* **COLLECTED MATERIAL**:
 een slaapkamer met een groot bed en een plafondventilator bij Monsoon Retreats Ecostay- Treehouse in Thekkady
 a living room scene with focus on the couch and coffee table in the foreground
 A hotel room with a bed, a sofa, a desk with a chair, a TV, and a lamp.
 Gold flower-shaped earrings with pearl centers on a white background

* **PROBLEM**: Each line above that contains the string "with" should be copied.

* **RESULT OF THIS TASK**:
 a living room scene with focus on the couch and coffee table in the foreground
 A hotel room with a bed, a sofa, a desk with a chair, a TV, and a lamp.
 Gold flower-shaped earrings with pearl centers on a white background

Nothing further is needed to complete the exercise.